§ PROVIDED RECORDS:
....

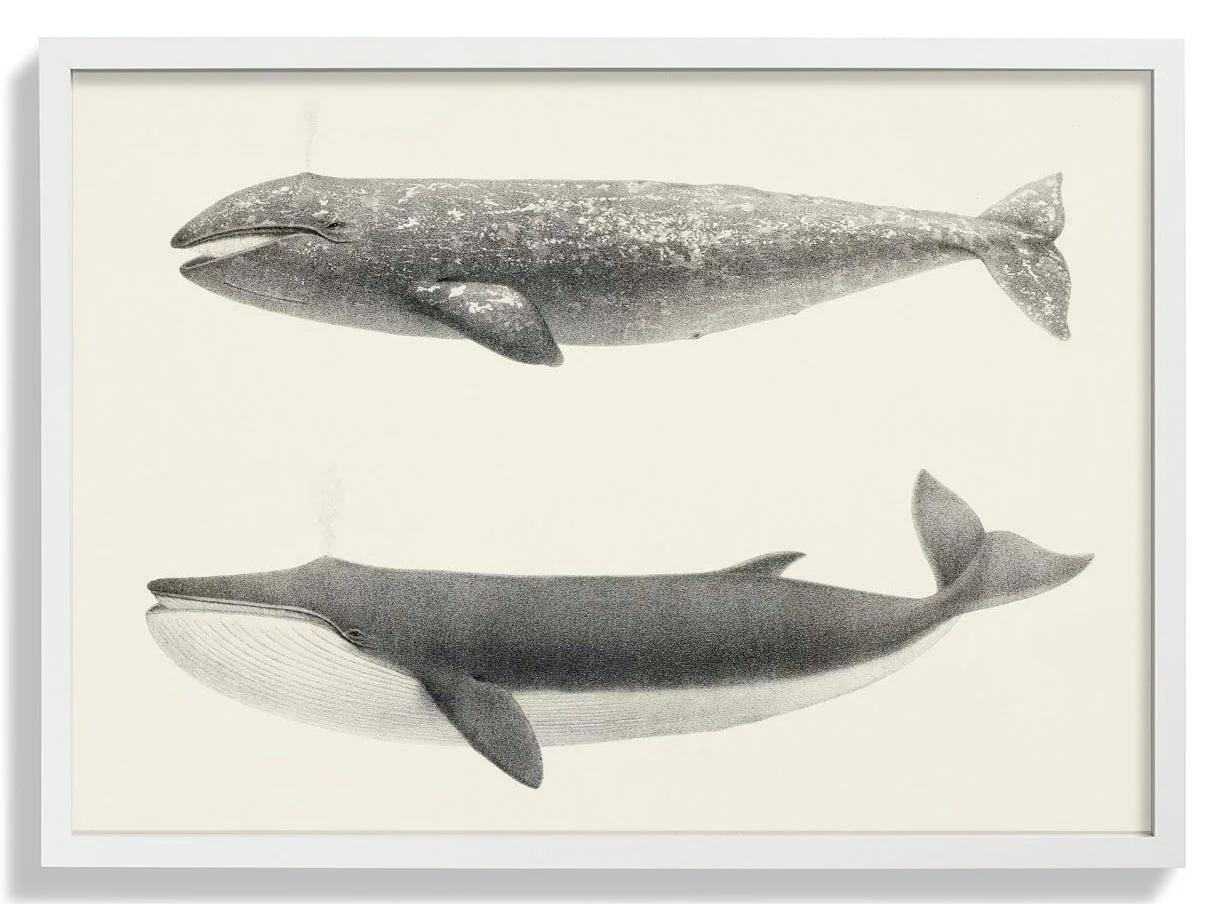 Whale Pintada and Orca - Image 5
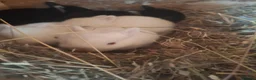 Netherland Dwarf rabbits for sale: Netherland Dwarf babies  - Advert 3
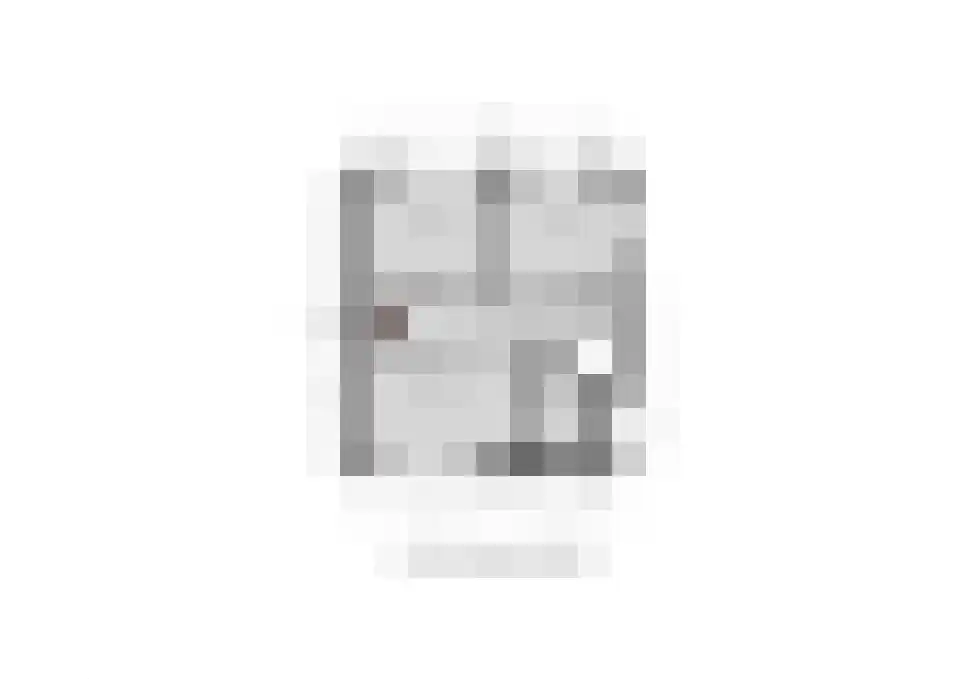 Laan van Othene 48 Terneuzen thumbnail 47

....

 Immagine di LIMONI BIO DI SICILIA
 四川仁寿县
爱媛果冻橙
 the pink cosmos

....

§ YOUR OBJECTIVE: Output only an exact transcription of the lines above from the one with "Immagine di LIMONI BIO DI SICILIA" up to and including the one with "the pink cosmos".

§ EXERCISE RESULT:
 Immagine di LIMONI BIO DI SICILIA
 四川仁寿县
爱媛果冻橙
 the pink cosmos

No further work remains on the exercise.